> _WORK ITEM_
Copy out each line below containing "Jaguar".
#### MATERIALS PROVIDED
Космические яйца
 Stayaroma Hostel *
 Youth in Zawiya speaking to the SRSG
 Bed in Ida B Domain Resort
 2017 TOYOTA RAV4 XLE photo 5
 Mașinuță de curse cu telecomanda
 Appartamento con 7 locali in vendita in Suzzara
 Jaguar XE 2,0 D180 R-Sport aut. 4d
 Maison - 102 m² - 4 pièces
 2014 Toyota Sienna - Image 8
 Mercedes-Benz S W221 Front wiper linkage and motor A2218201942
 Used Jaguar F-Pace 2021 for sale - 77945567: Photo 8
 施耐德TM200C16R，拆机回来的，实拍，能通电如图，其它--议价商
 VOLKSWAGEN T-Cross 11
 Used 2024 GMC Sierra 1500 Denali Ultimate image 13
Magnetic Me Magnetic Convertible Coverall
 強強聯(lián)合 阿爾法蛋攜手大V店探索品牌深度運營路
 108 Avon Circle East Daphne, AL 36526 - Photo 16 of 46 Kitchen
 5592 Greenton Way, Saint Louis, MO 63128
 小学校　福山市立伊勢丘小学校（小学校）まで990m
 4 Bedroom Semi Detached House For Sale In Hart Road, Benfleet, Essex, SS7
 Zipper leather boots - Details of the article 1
########
> _TASK ANSWER_
 Jaguar XE 2,0 D180 R-Sport aut. 4d
 Used Jaguar F-Pace 2021 for sale - 77945567: Photo 8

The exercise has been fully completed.